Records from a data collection
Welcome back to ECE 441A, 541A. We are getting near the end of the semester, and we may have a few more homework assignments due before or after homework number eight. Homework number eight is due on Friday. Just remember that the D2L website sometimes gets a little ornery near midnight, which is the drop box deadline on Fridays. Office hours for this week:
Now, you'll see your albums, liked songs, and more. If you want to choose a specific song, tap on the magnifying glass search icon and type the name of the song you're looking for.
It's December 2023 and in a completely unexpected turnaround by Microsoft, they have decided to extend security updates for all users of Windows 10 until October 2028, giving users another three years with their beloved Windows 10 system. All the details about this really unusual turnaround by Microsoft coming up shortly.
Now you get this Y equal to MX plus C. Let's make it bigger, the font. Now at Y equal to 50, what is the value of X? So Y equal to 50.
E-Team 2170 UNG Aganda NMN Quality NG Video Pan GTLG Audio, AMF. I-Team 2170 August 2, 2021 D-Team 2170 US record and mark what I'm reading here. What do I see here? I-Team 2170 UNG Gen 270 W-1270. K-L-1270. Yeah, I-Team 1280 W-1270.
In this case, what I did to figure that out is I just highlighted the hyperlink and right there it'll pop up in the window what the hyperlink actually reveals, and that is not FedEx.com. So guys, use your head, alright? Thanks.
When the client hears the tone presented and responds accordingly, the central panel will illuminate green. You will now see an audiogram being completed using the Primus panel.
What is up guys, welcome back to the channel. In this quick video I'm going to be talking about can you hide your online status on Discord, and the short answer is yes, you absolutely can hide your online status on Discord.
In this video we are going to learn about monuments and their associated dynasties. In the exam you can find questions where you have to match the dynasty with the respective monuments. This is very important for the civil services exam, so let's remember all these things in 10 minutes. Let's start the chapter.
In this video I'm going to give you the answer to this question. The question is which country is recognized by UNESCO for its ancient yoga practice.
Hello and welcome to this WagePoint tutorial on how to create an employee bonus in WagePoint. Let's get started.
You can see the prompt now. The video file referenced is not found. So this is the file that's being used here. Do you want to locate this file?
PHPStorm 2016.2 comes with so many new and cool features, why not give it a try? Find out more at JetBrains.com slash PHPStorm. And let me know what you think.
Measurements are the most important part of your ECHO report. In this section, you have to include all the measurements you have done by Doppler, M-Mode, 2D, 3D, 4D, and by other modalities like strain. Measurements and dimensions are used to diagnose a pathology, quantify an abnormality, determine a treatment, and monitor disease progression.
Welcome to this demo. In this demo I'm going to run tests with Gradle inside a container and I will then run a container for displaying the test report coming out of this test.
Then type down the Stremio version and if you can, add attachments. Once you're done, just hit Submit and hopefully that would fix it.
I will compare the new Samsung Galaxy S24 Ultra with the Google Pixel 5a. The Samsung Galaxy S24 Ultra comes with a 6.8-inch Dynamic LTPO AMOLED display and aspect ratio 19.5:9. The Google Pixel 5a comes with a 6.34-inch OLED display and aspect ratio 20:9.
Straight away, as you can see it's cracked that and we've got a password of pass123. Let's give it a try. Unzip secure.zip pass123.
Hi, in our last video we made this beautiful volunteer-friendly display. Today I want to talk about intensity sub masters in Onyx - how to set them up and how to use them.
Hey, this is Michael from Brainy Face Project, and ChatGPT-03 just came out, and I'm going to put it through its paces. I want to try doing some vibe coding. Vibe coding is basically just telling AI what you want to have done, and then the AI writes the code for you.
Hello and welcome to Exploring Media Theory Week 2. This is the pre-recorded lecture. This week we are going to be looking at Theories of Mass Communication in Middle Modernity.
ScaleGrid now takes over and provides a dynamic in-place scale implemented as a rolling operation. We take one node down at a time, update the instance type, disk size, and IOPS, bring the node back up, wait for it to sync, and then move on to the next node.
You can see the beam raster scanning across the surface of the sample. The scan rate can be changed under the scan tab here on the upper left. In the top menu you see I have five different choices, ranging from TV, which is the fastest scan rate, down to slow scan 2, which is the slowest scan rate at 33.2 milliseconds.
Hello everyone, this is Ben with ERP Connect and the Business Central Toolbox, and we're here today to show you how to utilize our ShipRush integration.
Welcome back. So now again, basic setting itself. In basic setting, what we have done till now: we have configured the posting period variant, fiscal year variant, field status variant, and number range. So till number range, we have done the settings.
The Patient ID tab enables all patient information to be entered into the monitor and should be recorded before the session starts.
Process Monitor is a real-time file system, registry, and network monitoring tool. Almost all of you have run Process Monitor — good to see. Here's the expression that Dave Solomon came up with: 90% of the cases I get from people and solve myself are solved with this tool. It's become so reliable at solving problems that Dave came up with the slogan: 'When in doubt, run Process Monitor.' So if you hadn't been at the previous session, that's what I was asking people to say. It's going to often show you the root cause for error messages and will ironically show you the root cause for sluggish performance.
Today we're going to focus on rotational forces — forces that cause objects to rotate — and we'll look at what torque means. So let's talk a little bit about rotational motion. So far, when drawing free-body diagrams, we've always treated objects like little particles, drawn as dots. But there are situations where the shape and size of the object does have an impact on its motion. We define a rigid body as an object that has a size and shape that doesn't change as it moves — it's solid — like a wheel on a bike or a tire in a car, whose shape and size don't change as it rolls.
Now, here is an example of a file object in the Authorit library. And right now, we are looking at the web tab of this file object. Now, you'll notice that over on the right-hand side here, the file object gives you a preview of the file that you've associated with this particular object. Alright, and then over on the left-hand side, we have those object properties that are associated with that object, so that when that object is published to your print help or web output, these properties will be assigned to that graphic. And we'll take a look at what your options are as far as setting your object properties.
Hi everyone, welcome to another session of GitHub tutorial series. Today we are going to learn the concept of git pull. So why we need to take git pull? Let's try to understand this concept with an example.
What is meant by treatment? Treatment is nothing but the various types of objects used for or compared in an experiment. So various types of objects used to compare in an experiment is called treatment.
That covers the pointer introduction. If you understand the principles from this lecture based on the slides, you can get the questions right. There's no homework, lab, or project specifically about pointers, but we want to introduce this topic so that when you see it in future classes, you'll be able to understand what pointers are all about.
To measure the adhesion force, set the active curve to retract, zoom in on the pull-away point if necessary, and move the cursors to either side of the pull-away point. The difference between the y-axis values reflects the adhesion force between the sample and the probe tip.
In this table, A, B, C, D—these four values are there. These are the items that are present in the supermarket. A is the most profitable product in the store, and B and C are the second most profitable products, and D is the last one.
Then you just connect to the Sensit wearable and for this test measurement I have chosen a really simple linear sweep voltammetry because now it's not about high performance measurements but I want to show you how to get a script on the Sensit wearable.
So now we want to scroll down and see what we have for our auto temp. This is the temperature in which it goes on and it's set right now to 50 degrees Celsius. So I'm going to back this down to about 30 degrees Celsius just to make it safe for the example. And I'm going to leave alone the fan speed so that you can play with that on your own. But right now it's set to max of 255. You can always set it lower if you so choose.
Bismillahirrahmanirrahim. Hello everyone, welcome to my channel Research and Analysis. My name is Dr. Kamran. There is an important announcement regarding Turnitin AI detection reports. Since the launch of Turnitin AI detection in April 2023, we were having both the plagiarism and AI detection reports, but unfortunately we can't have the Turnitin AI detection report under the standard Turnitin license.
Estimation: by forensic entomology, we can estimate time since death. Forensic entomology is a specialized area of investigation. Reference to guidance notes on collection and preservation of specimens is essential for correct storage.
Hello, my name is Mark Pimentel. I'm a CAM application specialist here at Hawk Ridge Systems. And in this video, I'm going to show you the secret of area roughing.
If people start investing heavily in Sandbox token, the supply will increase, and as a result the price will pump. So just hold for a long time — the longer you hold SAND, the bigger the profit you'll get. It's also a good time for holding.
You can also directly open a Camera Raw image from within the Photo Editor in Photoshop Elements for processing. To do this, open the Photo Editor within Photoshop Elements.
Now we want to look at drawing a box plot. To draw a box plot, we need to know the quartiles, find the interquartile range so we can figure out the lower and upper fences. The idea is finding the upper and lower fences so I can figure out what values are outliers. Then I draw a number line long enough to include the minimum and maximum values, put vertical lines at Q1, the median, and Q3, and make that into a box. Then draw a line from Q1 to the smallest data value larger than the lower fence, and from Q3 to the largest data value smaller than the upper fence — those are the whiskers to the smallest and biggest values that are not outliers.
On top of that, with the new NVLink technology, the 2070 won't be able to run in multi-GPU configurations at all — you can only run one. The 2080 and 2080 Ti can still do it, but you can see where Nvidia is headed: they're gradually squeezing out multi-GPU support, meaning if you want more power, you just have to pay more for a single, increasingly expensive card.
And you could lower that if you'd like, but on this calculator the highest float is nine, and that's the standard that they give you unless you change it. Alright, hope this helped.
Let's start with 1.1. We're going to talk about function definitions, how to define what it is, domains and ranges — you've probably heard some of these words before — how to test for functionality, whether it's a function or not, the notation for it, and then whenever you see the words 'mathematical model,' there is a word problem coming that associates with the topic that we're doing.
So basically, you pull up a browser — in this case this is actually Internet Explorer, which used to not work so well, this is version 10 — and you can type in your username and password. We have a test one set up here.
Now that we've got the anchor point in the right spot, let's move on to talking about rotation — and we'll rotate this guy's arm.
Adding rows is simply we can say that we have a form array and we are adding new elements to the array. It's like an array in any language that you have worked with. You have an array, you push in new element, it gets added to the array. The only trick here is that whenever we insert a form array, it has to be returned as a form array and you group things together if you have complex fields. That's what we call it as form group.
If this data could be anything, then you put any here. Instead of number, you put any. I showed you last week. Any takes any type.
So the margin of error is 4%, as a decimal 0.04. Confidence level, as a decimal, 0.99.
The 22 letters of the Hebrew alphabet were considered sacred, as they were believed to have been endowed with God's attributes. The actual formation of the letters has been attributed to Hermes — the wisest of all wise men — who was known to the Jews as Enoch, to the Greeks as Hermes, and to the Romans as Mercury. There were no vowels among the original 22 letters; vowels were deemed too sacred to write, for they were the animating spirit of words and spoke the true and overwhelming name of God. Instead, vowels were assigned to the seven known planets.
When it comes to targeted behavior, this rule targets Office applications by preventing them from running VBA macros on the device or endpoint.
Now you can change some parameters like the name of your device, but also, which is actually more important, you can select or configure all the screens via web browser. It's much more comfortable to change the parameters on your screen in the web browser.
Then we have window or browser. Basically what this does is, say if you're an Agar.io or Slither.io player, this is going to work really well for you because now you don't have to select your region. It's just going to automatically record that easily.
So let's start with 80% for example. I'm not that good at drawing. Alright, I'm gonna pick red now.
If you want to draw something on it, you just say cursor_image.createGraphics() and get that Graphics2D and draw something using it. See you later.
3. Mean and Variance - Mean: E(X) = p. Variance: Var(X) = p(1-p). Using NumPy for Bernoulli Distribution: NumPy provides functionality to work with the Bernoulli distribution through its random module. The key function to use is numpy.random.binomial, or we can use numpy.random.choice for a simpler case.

» Problem description: Which lines above include the word "sample"? Return each one.

» Result of the exercise:
You can see the beam raster scanning across the surface of the sample. The scan rate can be changed under the scan tab here on the upper left. In the top menu you see I have five different choices, ranging from TV, which is the fastest scan rate, down to slow scan 2, which is the slowest scan rate at 33.2 milliseconds.
To measure the adhesion force, set the active curve to retract, zoom in on the pull-away point if necessary, and move the cursors to either side of the pull-away point. The difference between the y-axis values reflects the adhesion force between the sample and the probe tip.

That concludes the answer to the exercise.